Projeto Autor por Autor: às voltas com Machado de Assis


por Flavia Maria Corradin e Francisco Maciel Silveira
Universidade de São Paulo. Março/2009

Para Machado de Assis a realidade era boa, o Realismo é que não prestava. Tanto que não aceitava a lição positivista de que o homem era um produto passivo do meio, do momento histórico e da raça. Se acreditasse no determinismo imposto pelo cientismo realista, teria que resignar-se com sua condição de mulato pobre, deixando assim de galgar uma invejável situação como escritor na escravocrata sociedade carioca. Sua grande personagem feminina, a Capitu de D. Casmurro, foi outra prova de que a realidade fugia à falaciosa explicação da teoria determinista do Realismo/Naturalismo. Talvez Capitu tenha sido sua resposta ao grande tema realista do adultério. Ao contrário de Ema Bovary, de Flaubert, e de Luísa, de Eça de Queiroz, Capitu não é vítima do tédio conjugal provinciano, tampouco está envenenada pela deletéria literatura romântica que pinta paraísos terrestres para a aventura extra-conjugal. Ou seja, o adultério de Luísa e Ema Bovary explicam-se (mesmo?) à luz da equação realista. E o caso de Capitu? Teria havido adultério? Se houve, que razões outras, que não o momento, o meio, a raça, tê-la-iam conduzido aos maus lençóis? A grandeza do livro D. Casmurro reside no cepticismo acadêmico cultivado por Machado de Assis: nunca podemos dizer que esta ou aquela proposição seja verdade; só podemos afirmar que parece ser verdadeira, que é provável; não existe certeza, só probabilidade. A verdade não passa, pois, de mera opinião que se inculca no ânimo alheio como verdade. Não foi exatamente isso que o narrador Casmurro fez ao longo do seu relato?

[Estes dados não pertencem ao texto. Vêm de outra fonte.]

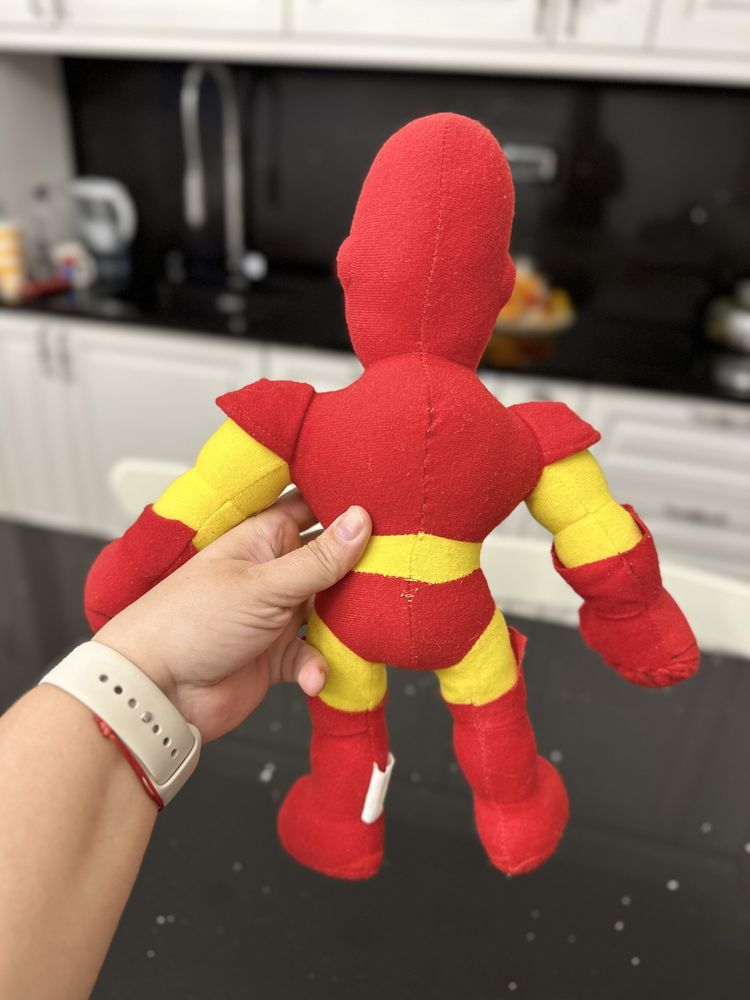 Jucarie de plus Iron Man de pluș 38 cm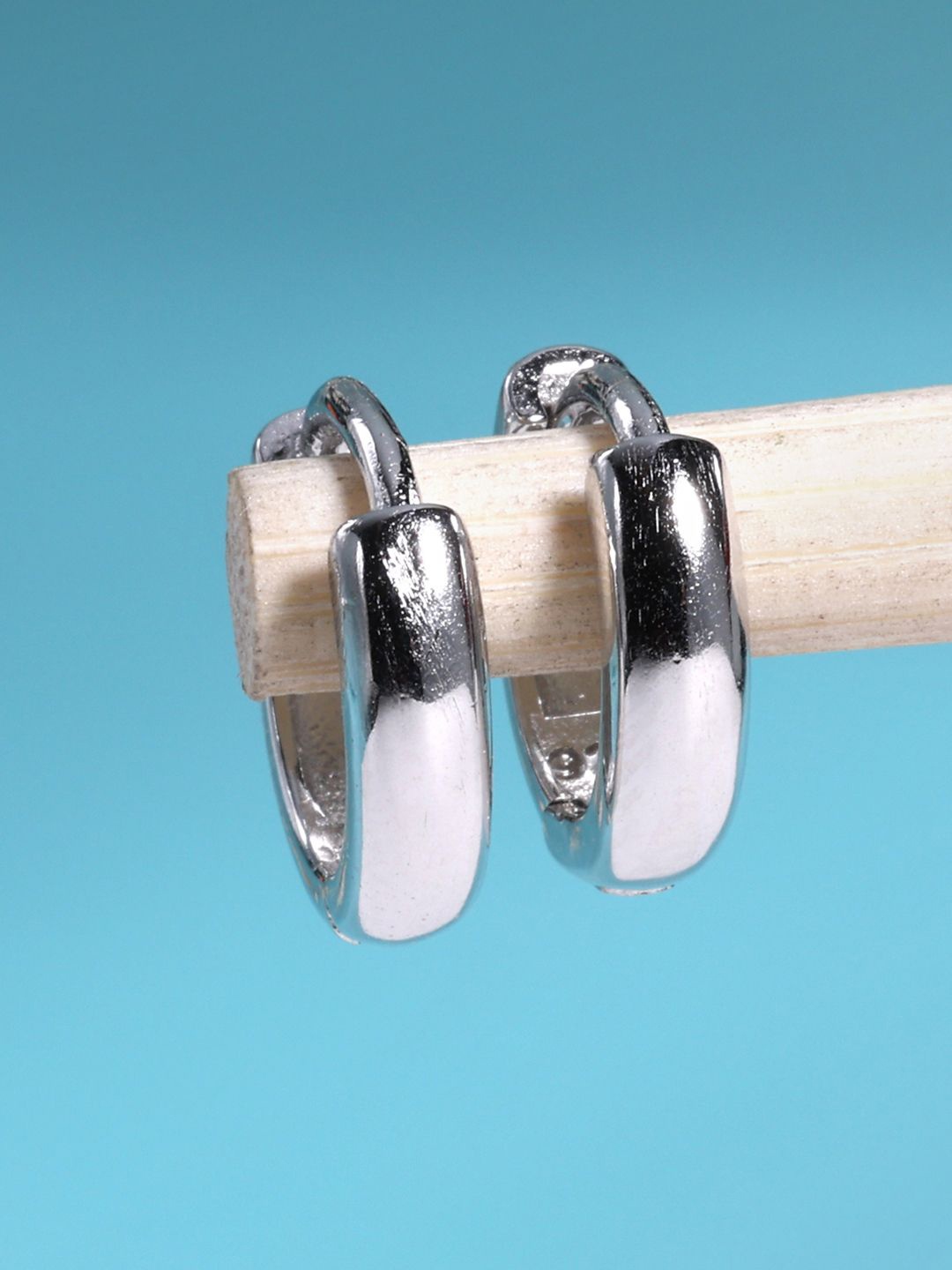 

DEESSA Rhodium Plated Contemporary Hoop Earrings, Silver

Pena que cerca de um século depois a escritora portuguesa Maria Velho da Costa em sua digressão dramática Madame, ao promover o encontro ficcional das sexagenárias Capitu, de D. Casmurro, e Maria Eduarda, de Os Maias, na belle époque francesa, desvende o mistério que envolve a protagonista brasileira. Pela boca da criada brasileira, o mistério capituano é simplistamente desvelado: Capitu traiu Bentinho; Ezequiel é filho de Escobar. Não obstante a quebra do encanto do mistério, a peça tem uma série de méritos. Para além de suscitar no leitor hodierno o desejo de ler duas das obras máximas da literatura em língua portuguesa, ou seja, D. Casmurro e Os Maias, a Autora não só busca revelar as características psicológicas de duas Madames que, ao fim e ao cabo, se revelam profundamente mentirosas, como também sublinha o papel desempenhado pelas criadas, que funcionam como alter-ego de suas patroas. A lamentar que páginas e páginas de textos críticos ou literários caiam por terra, na medida em que Maria Velho da Costa, não padecendo do cepticismo acadêmico machadiano, afirme ser verdadeiro aquilo que fora urdido como mera probabilidade.